All dot plots showing representative gene changes have been replaced with row-centred heat maps to better highlight the magnitude of differential expression between groups.

Figure 3B: wording of figure legend (underlined) “ Expression values of expression in AMs” could be changed.

We apologise for overlooking this small typing error, which has now been corrected.

Figure 4C: The pathway diagram could be improved by changing the font size/style to make it clearer and more readable, as the way it is now, a lot of the components of the diagram are overlapping making it very hard to decipher.

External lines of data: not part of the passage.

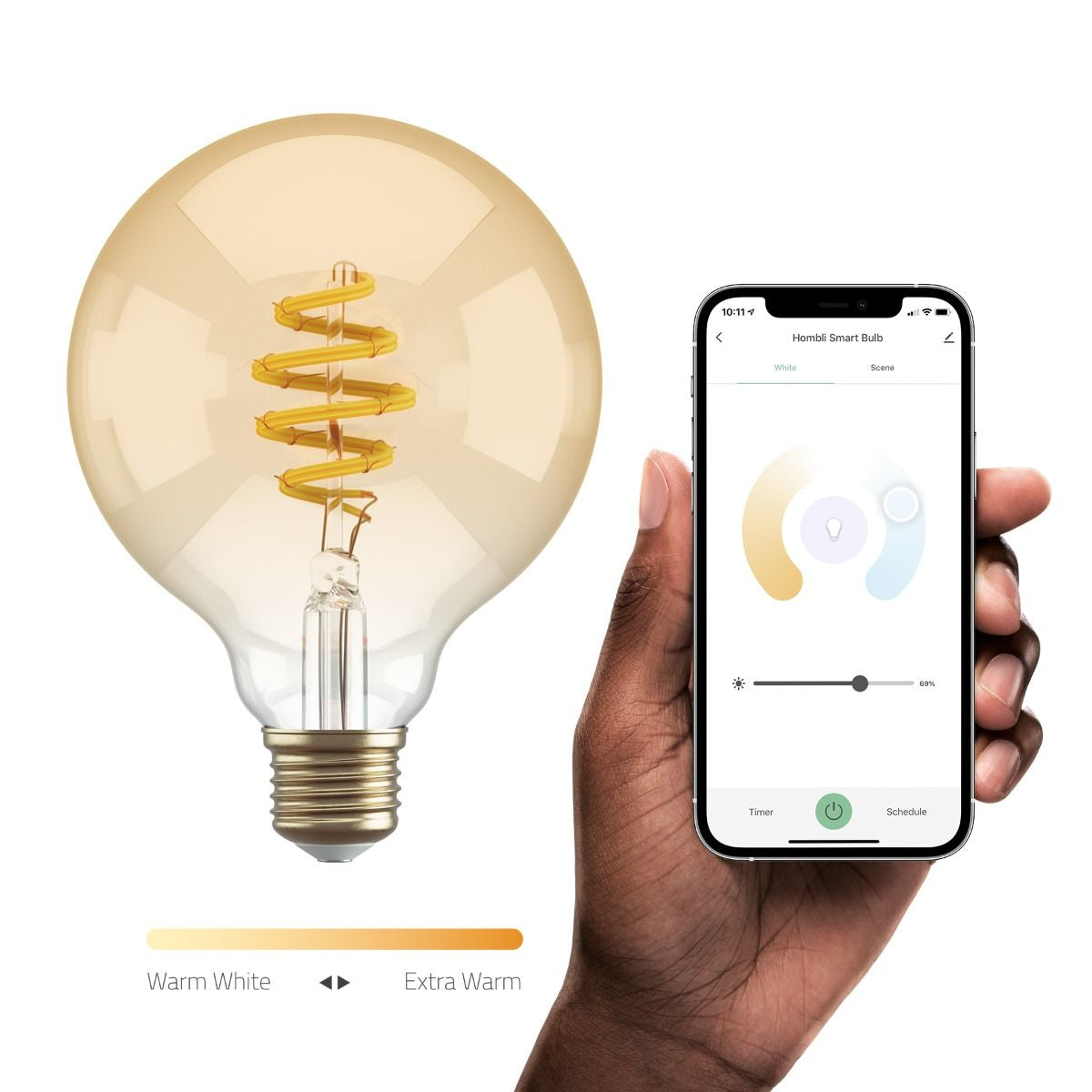 Hombli Smart-Leuchtmittel E27 HBEB-0312 – 300 lm, 1800–2700 K, WLAN/App, dimmbar – Transparent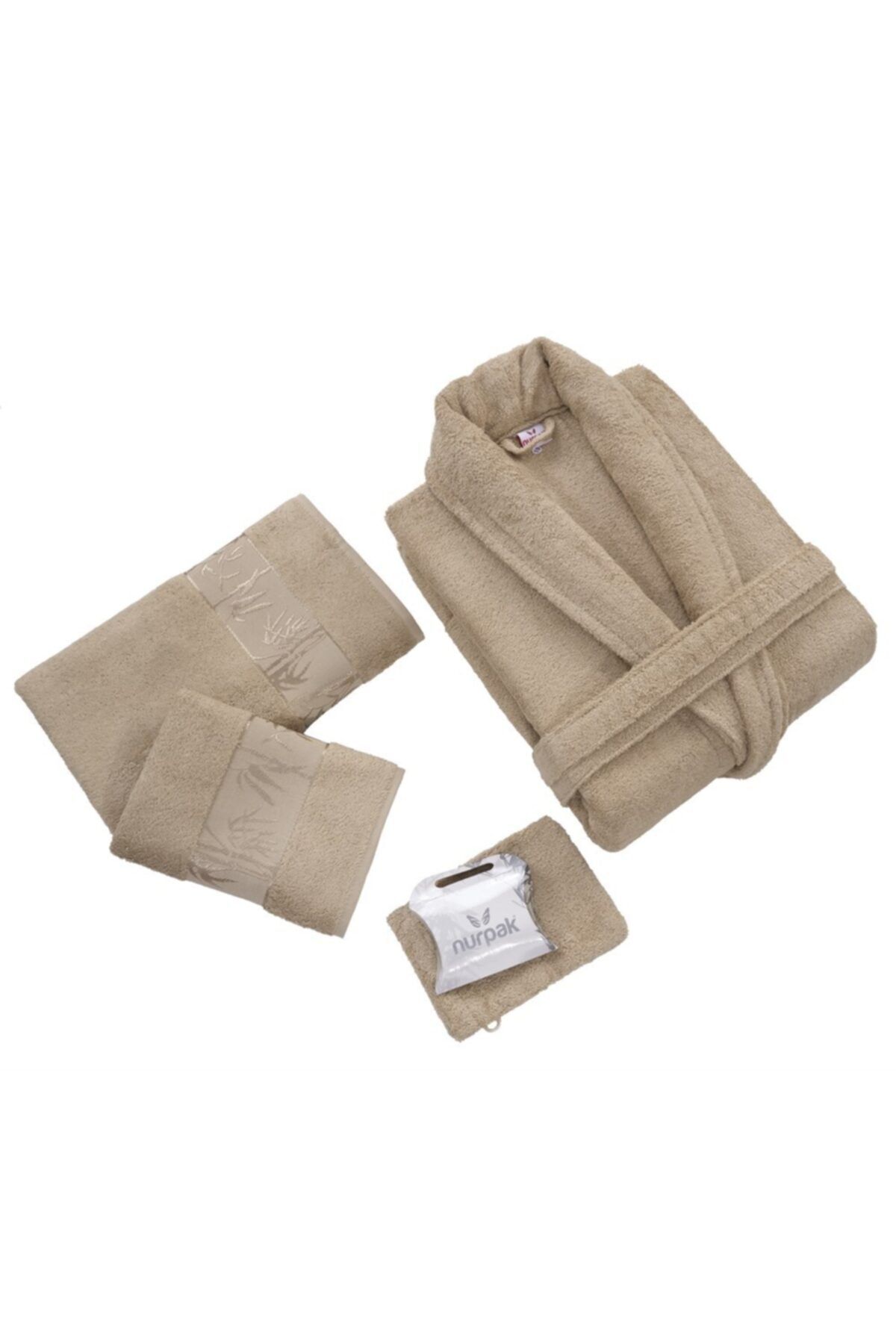 Nurpak Bamboo Tek Kişilik Bornoz Set 5 Parça Kahve
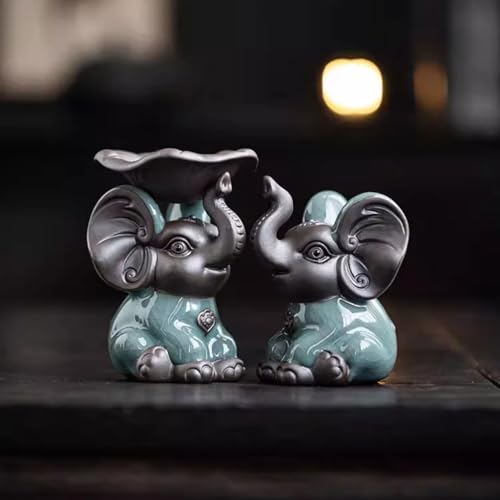Elefante de cerámica para té: mascota de té creativa para decoración de escritorio 6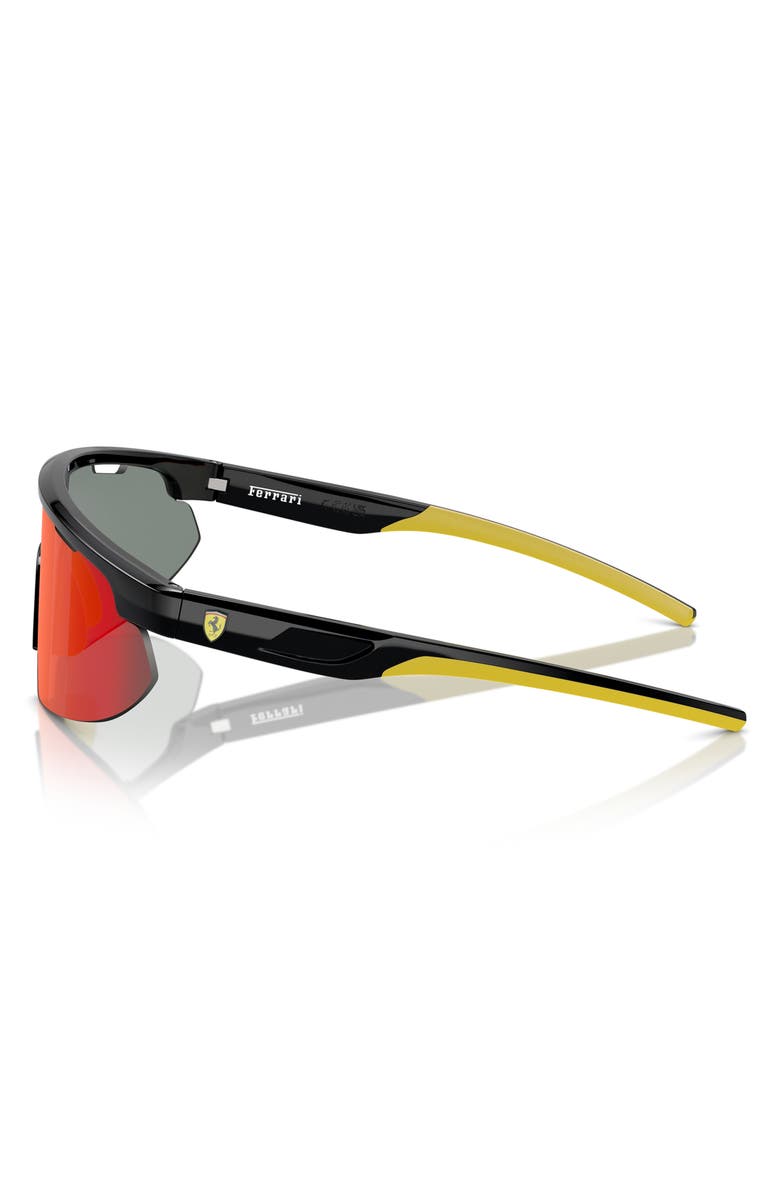 Scuderia Ferrari 41mm Irregular Shield Sunglasses, Alternate, color, Black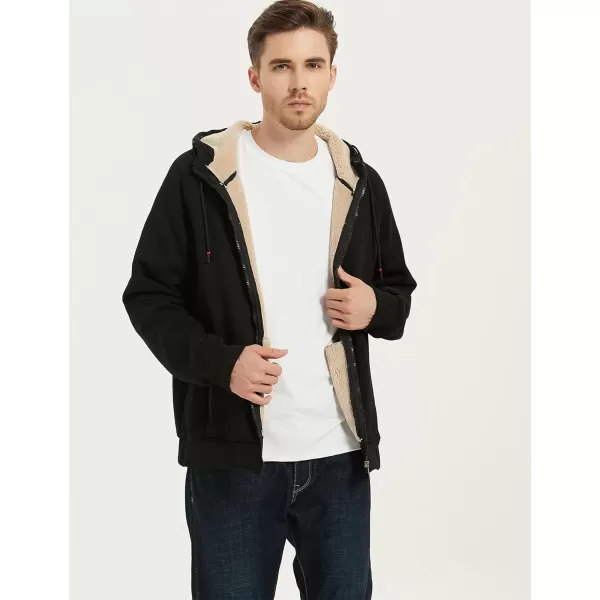 Flygo Fleece Hoodie for Men Warm Full Zip Sherpa Lined Sweatshirt Winter Jacket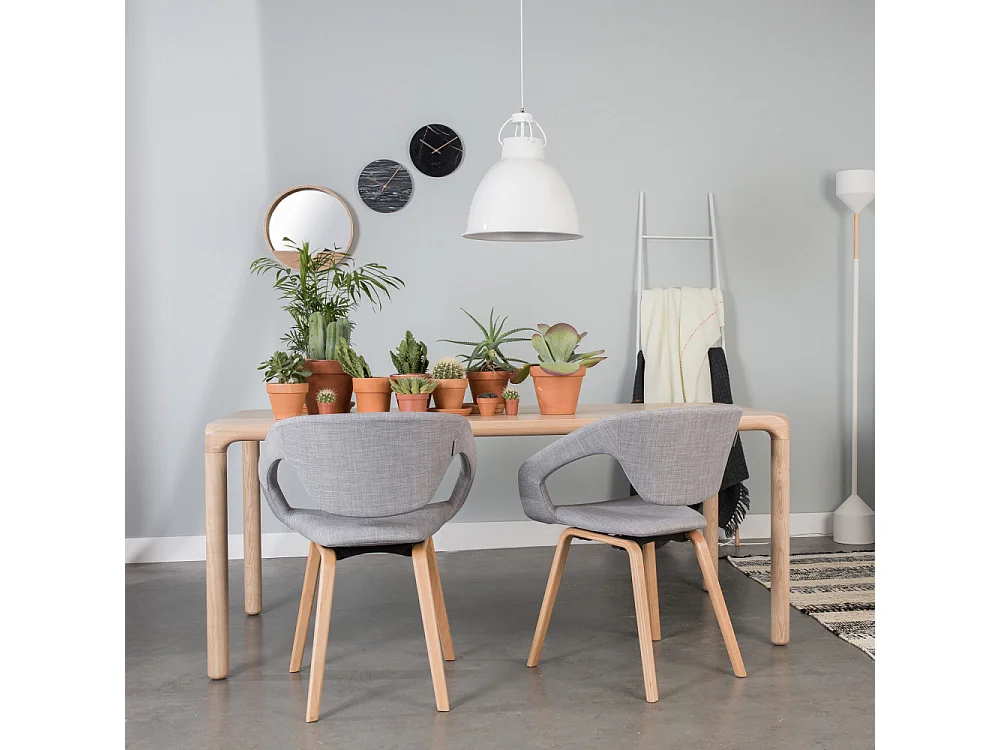 Storm - Table à manger 10 personnes aux bords arrondis en bois - Bois clair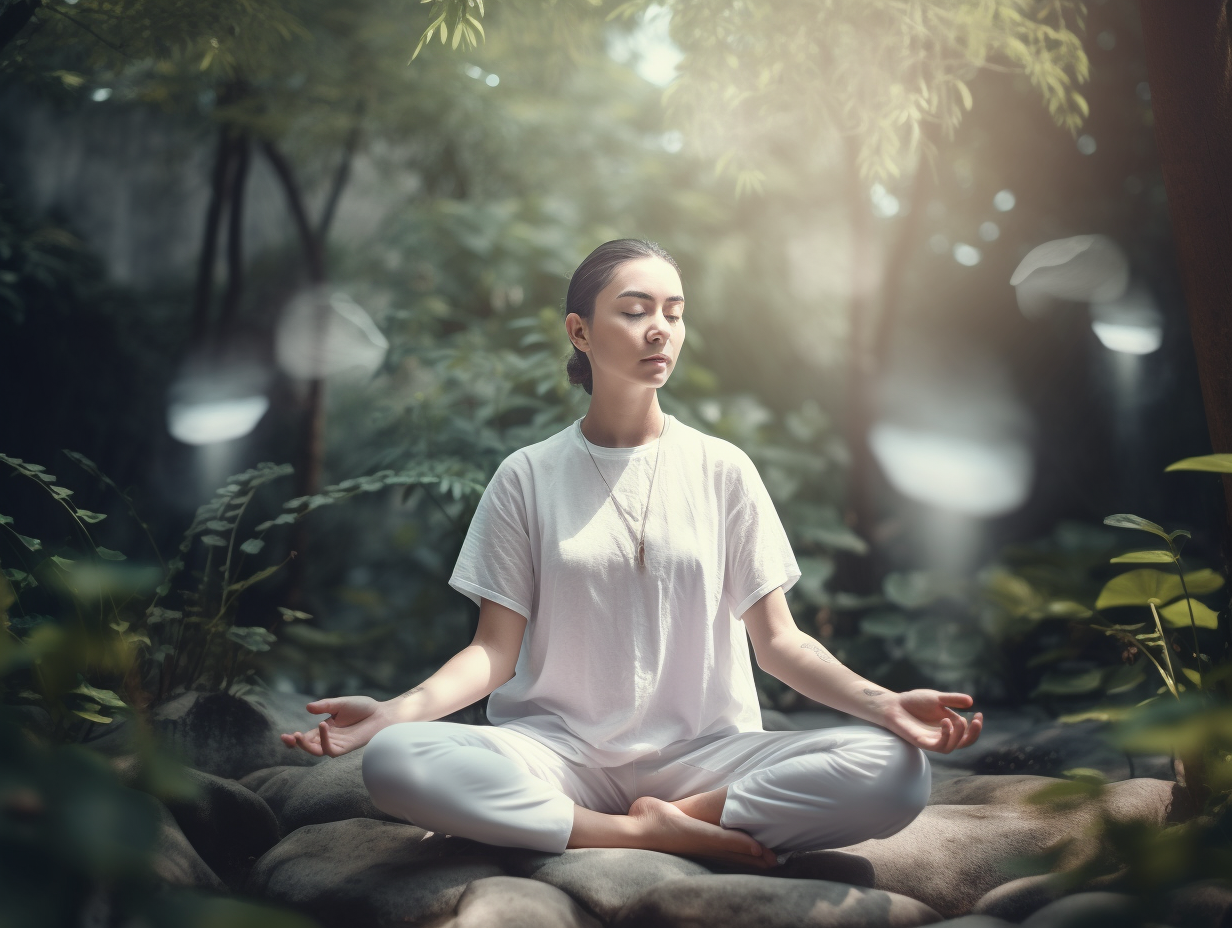 A woman is peacefully meditating in the forest, embracing the serene surroundings as she connects with her inner self.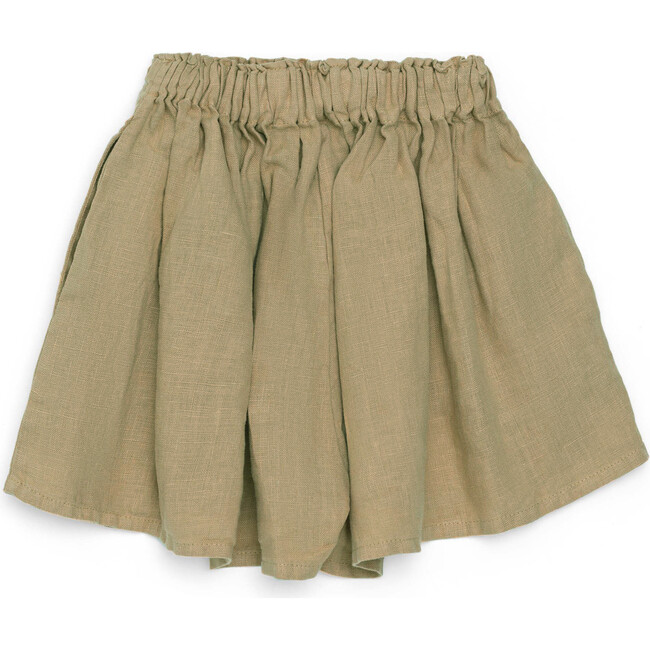 Jorin Wide Leg Flowy Shorts, Khaki Green - Shorts - 3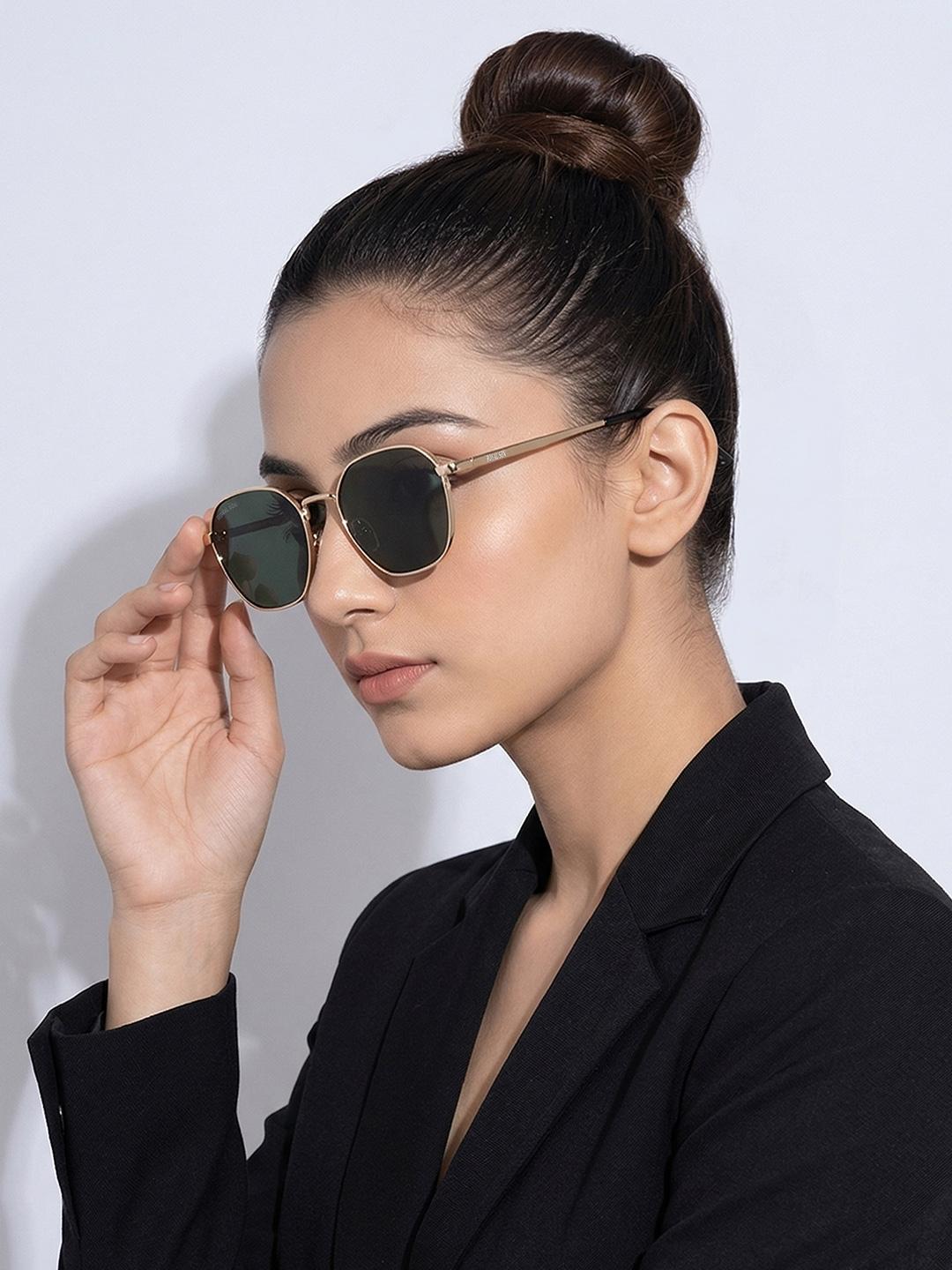 Buy ROYAL SON Unisex Green Lens & Gold Toned Square Sunglasses With - - Accessories for Unisex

We are unfortunately unable to make this particular figure element any larger and changes to font sizes would result in further overlap between labels. The figure is provided in high resolution to allow zooming while viewing online. Since the main intention of this panel was to highlight that transcriptional changes were observed across the whole electron transport chain, we hope that it is still informative as it is. The expression values of the individual genes are readily available in the Extended Data table of clustered differentially expressed genes supporting this manuscript.

Figure 7 B and C: the font size could be increased to make the networks clearer.

We have increased the sizes of the two network panels by 20% to improve readability.

We thank the reviewers again for their constructive feedback.